• Dataset excerpts:
+ + + + + + +

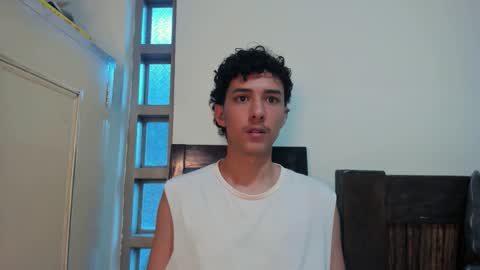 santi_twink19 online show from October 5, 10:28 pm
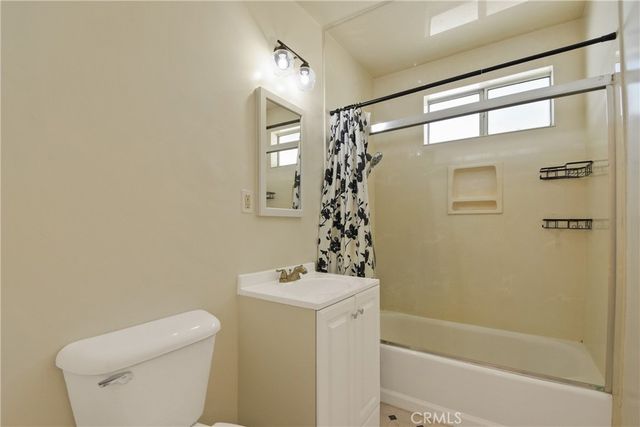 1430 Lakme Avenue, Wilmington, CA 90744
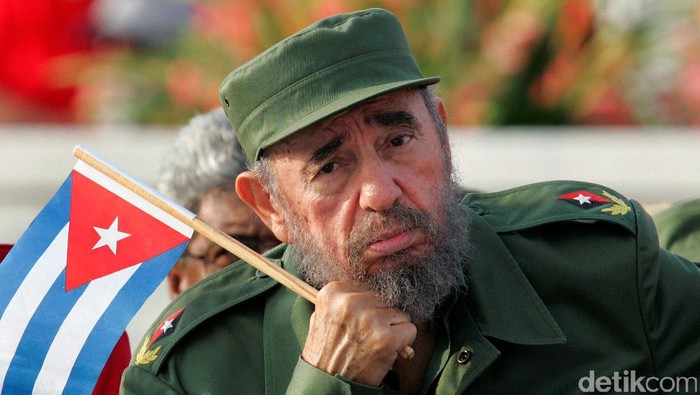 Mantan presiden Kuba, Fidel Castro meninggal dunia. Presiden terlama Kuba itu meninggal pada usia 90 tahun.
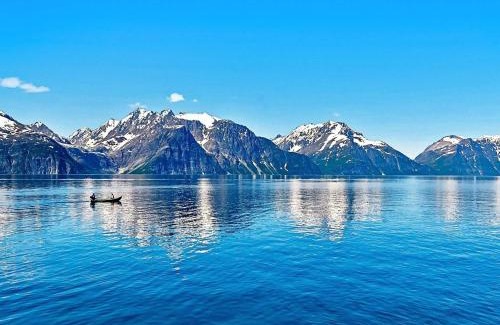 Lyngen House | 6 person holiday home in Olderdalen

+ + + + + + +

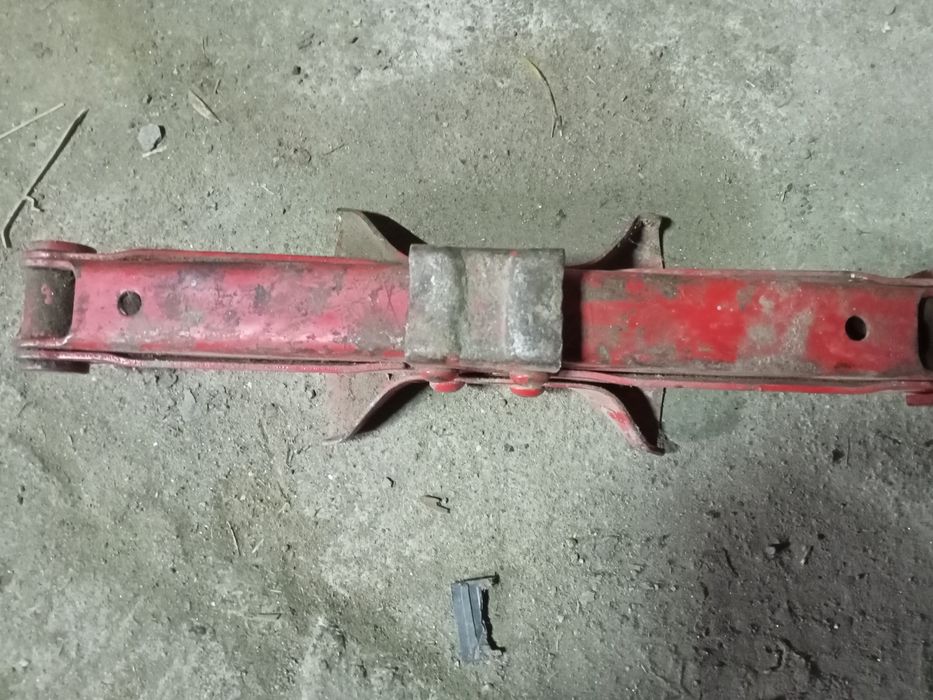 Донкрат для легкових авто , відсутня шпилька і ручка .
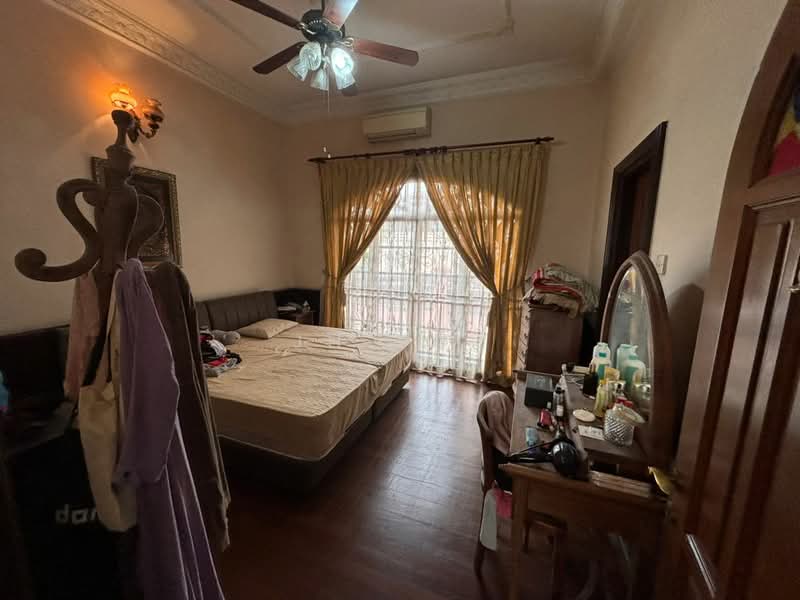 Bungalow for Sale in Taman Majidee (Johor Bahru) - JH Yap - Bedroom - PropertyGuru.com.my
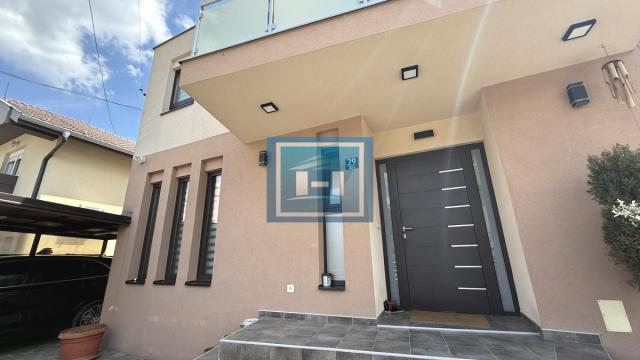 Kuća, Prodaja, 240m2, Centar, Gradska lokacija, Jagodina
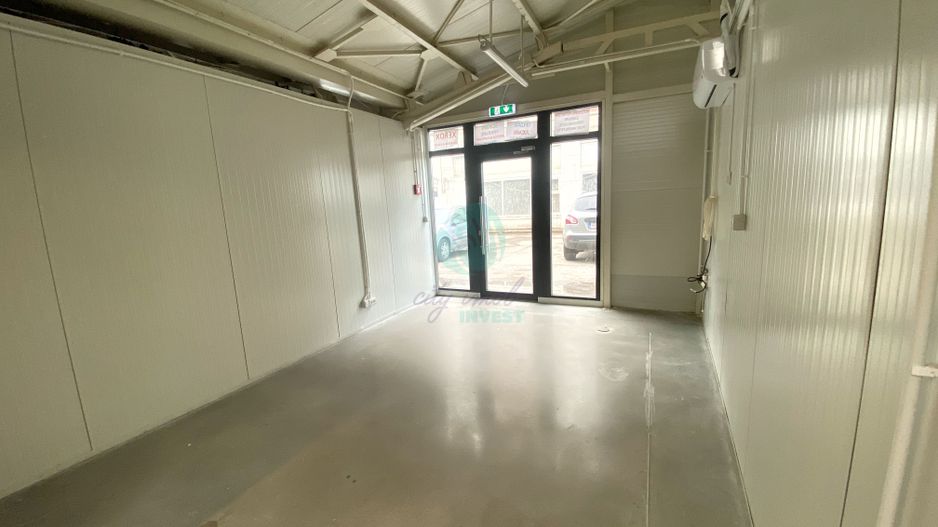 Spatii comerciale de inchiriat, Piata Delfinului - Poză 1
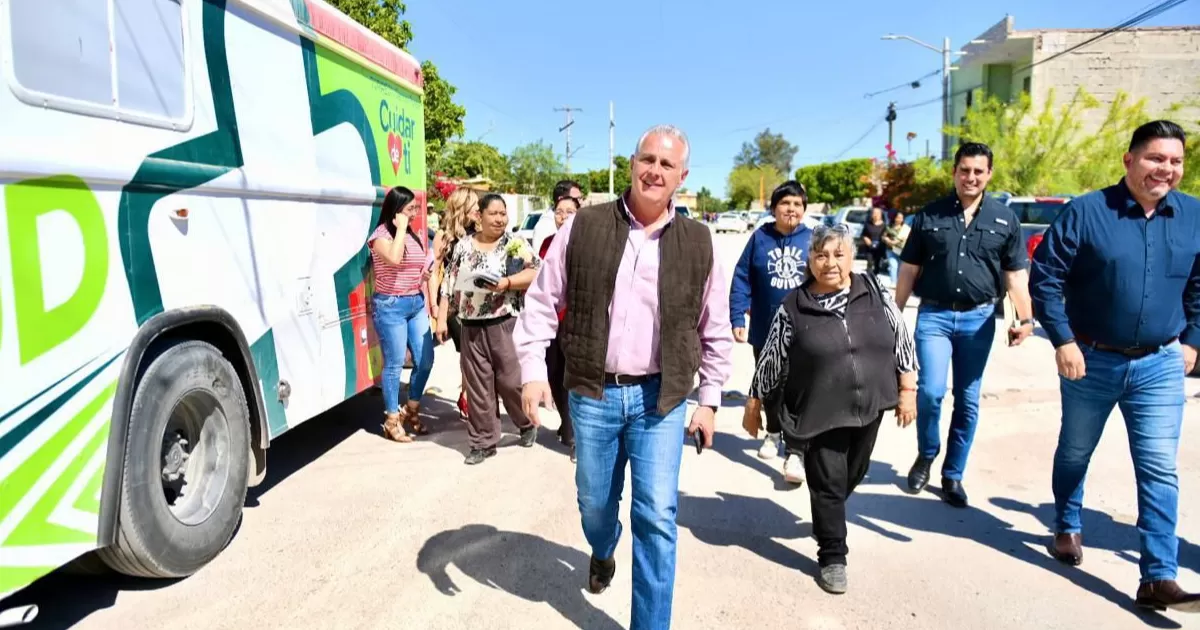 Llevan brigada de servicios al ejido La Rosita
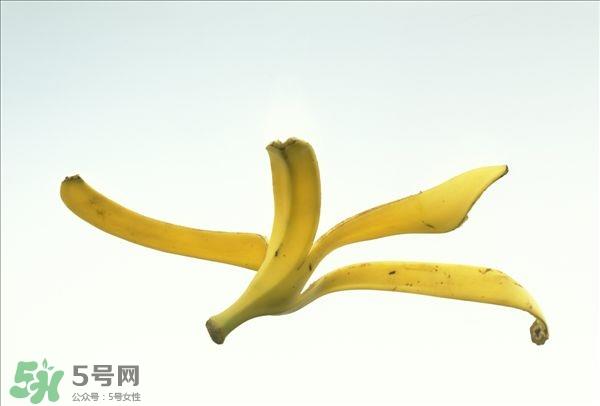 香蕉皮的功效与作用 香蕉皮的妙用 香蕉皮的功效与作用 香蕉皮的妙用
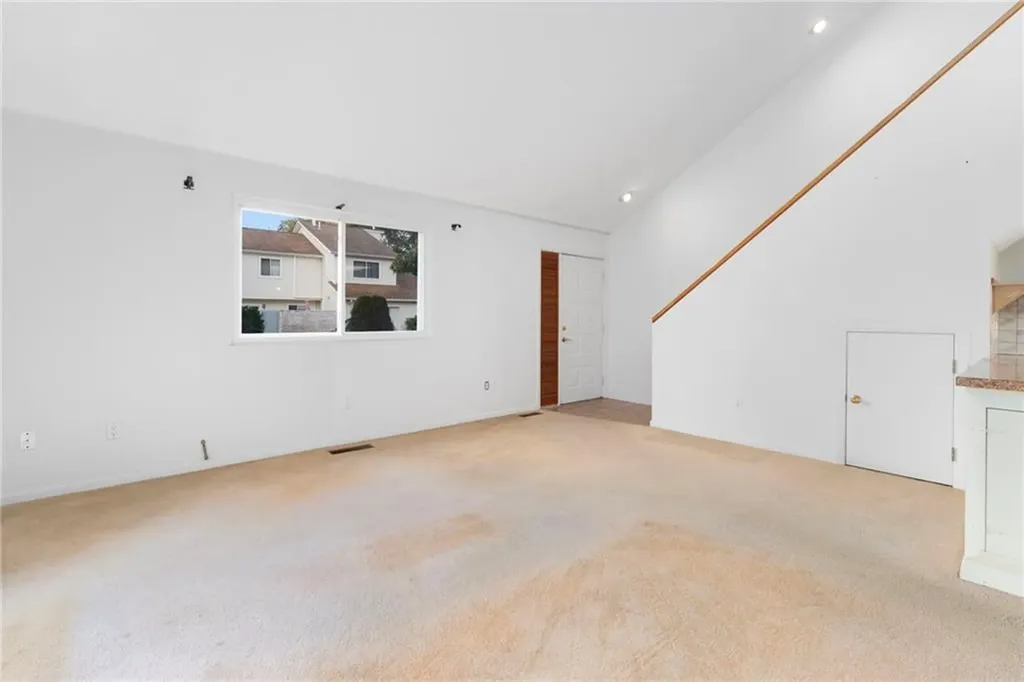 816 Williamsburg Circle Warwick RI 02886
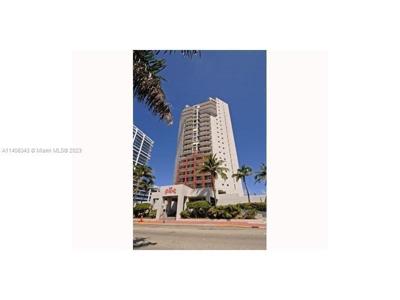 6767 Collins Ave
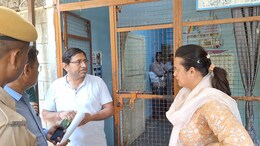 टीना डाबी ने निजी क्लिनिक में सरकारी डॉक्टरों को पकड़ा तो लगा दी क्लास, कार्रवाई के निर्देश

+ + + + + + +

Looking at the listing above, which lines run from the one containing "Llevan brigada de" through the one containing "टीना डाबी ने"? Print exactly those, ends included, pictures excluded.

 Llevan brigada de servicios al ejido La Rosita
 香蕉皮的功效与作用 香蕉皮的妙用 香蕉皮的功效与作用 香蕉皮的妙用
 816 Williamsburg Circle Warwick RI 02886
 6767 Collins Ave
 टीना डाबी ने निजी क्लिनिक में सरकारी डॉक्टरों को पकड़ा तो लगा दी क्लास, कार्रवाई के निर्देश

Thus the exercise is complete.